De acordo com os inúmeros estudos (*) realizados há uns 15 anos sobre os bairros sensíveis (ou críticos), isolaram-se algumas especificidades das novas profissões que se exercem nesses territórios:
- o "trabalhar nas margens", permite uma certa autonomia criativa;
- a "implicação pessoal", desoculta uma certa fibra militante;
- a "urgência da acção", surgida do confronto entre diferentes tempos e lógicas em acção (lógica do projecto de desenvolvimento social, lógica das instituições, lógica da acção imediata, lógica do problema a resolver, lógica do interveniente, lógica do utente, etc..);
- o “bricolage” e a “invenção”, surge do não funcionamento dos projectos “bem” programados, incitando a criação de soluções “negociadas” e “criadas” pelos novos profissionais;
- o "trabalho em rede" e necessidade de rentabilizar e articular olhares e soluções cruzadas;
- a "acção de proximidade", induz uma gestão adaptada às dificuldades concretas dos habitantes, potencializando todos os espaços informais de encontros;
- a "actividade de mediação", mobilizada nas tarefas relacionais comunicacionais de interface, exigidas na gestão das violências urbanas, na regulação dos conflitos de vizinhança, na reconstrução do tecido social.
Assim a acção destes novos profissionais de bairro vivem em tensão permanente:
- entre a proximidade e a distanciação;
- entre o militantismo e o profissionalismo;
- entre uma intervenção sectorial (cada instituição) e uma intervenção territorial (acção pública num determinado território).
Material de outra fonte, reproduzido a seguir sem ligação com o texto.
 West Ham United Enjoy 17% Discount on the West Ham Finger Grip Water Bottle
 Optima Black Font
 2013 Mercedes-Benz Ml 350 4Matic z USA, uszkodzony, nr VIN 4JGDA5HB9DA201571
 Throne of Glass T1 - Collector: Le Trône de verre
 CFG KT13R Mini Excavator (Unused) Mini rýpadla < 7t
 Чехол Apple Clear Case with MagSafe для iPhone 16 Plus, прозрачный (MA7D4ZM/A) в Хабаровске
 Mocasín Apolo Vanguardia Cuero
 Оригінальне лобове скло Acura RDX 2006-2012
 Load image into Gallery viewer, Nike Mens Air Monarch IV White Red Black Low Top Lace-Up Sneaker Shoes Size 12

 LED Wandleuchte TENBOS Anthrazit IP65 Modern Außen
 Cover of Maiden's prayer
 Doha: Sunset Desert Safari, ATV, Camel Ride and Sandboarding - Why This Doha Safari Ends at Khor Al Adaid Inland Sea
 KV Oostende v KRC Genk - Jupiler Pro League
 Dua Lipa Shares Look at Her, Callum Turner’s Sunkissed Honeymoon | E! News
A estruturação das profissionalidades destes novos profissionais de bairro organiza-se em torno:
- da construção de instrumentos (textos escritos que descrevem as experiências e as actividades, descrições, relatórios, diagnósticos, etc…);
- de espaços de experimentação (experiências pilotos, inovações, etc..);
- de múltiplas formações (que alargam e diversificam as formações iniciais, favorecendo uma reconstrução identitária social e profissional).

(*) Stébé, Jean-Marc (2005), La médiation dans les banlieues sensibles, PUF: Paris.